Section 1. This corporation is organized and shall be operated exclusively for scientific and educational purposes and not for pecuniary profit. The corporation shall be operated exclusively for the benefit of The Florida State University. The Corporation is a university direct-support organization within the definition of Section 240.299, Florida Statutes, and as such is organized and operated exclusively to receive, hold, invest, and administer property and to make expenditures to or for the benefit of The Florida State University or for the benefit of a research and development authority affiliated with The Florida State University and organized under Part V of Chapter 159 of Florida Statutes. The purposes of this corporation include the promotion and encouragement of, and assistance to, the research and training activities of faculty, staff, and students of The Florida State University through income from contracts, grants, and other sources, including, but not limited to, income derived from or related to the development and commercialization of University work products.

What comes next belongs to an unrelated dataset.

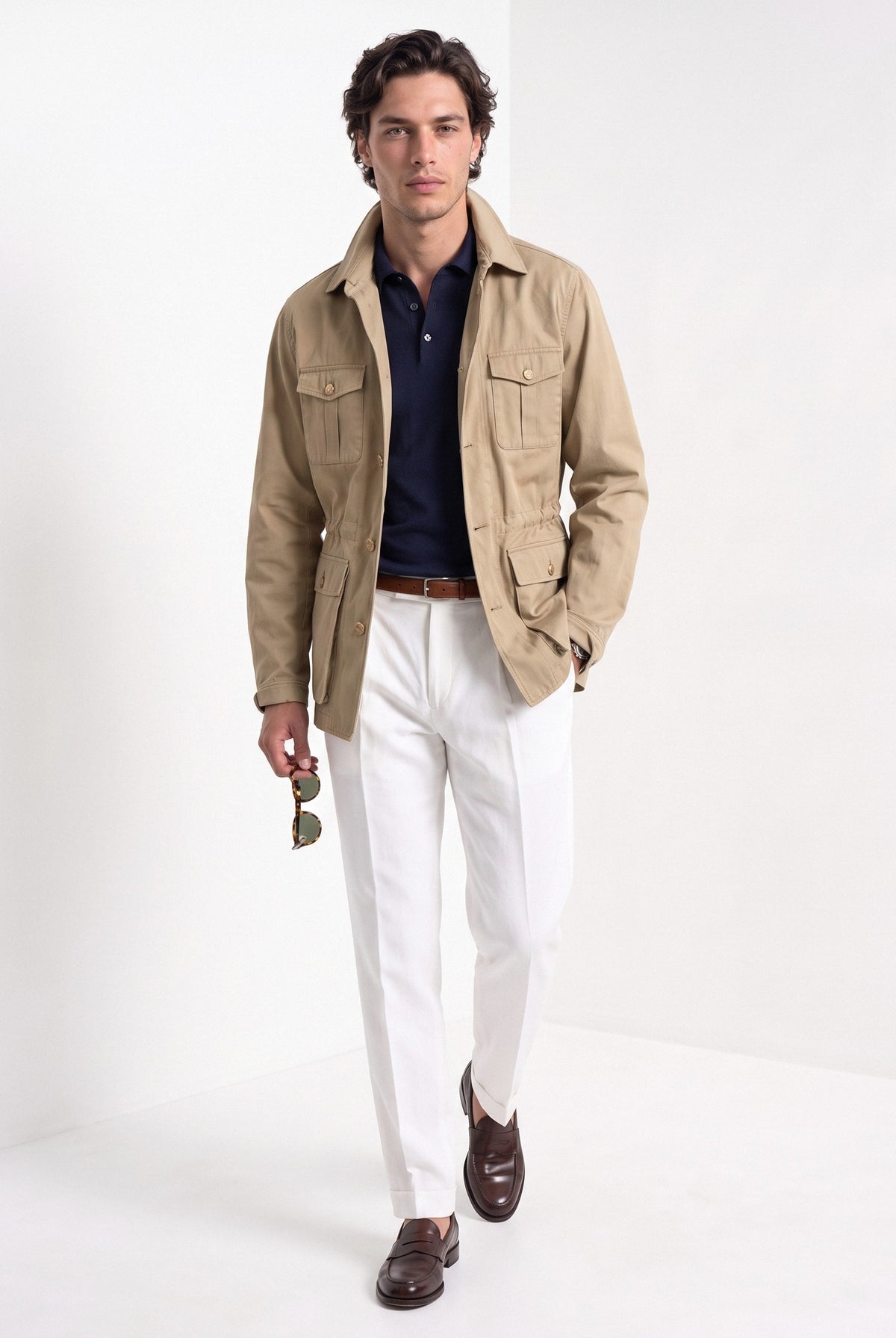 BLENIN men's twill field jacket in khaki, full-length look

The corporation shall provide means by which discoveries, inventions, processes, and work products of faculty, staff, and students of the University may be patented, developed, applied, and utilized in order that the results of such research shall be made available to the public and that funds be made available from such discoveries, inventions, processes, and work products for further research at The Florida State University.

Section 2. All the assets and earnings of the corporation shall be used exclusively for the exempt purposes set forth above, including the payment of expenses incidental thereto.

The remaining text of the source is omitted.